Keder deneyimi bir dizi çelişkili duyguyla doludur - yakıcı kızgınlık, öfke, acıma, sevgi, özlem, şefkat ve suçluluk ve umutsuzluk, yıkım, yalnızlık içerir. Hayatımızın yatayında bir kayıp yaşarken, tüm bu duygulardan geçeriz ve eğer onları engellemezsek, keder azalır, yara iyileşir ve bir süre sonra acıyla değil, sessiz hüzün ve şükranla yanıt verir., hayata umut ve inanç.

Ailemizde yaşanan acı, hayatta kalanlar için dayanılmaz bir yük haline geldi. Bir sonraki nesle hayat ağacına tırmandı, her yeni doğanın kalbinde kapanmayan bir yara olarak kaldı. Olanlarla ilgili kederin bize düşen kısmını yaşadıktan sonra, çekirdeğin bir kısmını boşaltabiliriz. Ve trajediyi yas için erişilebilir kılmak, onu ailemizin tarihinin bir parçası yapmak, kişinin yas tutup yas tutabileceği, kişinin bilebileceği ve hatırlayabileceği, ancak mutlaka kendisiyle sürüklenemeyeceği bir şey.

Her hikaye bir noktada biter.
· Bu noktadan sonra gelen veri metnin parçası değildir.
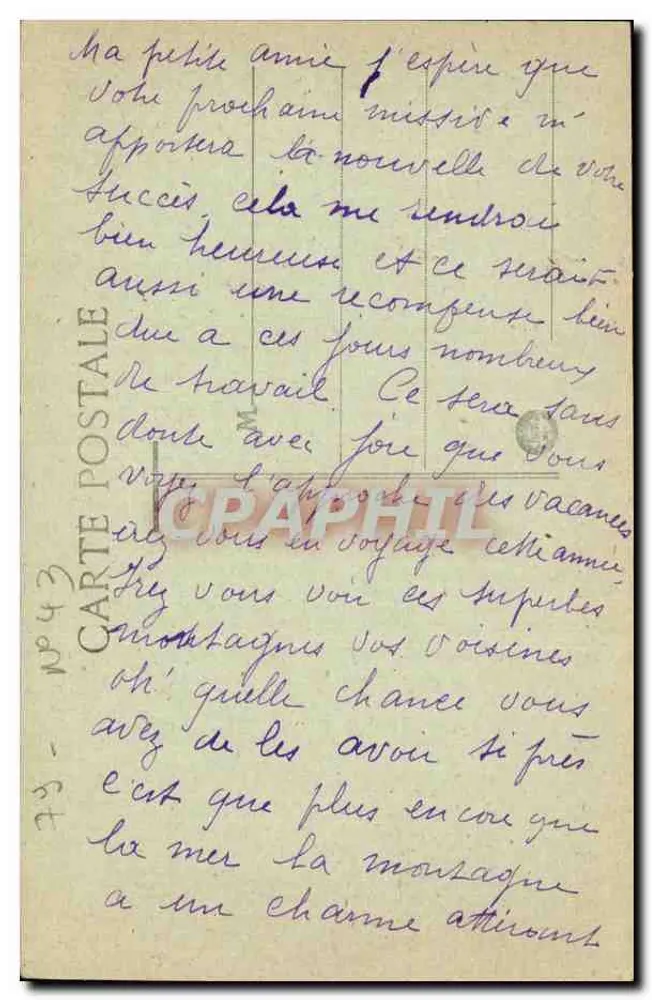 निओर्ट — डॉनजॉन और सेंट-एंड्रे — संख्या 229 - पीछे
Ama bazıları çok uzun sürüyor.

İdeal ebeveynlerle steril bir ortamda boş bir sayfa olarak doğmayız. Kuşakların tarihi öyle ya da böyle içimizde yankılanır. Hayat kalitemizi, kendi hayatımızı yaşama şeklimizi etkiler. Ve çocuklarımızın ve torunlarımızın hayatları için.

Ne olacağı, yanlarına ne alacakları kısmen bize bağlı.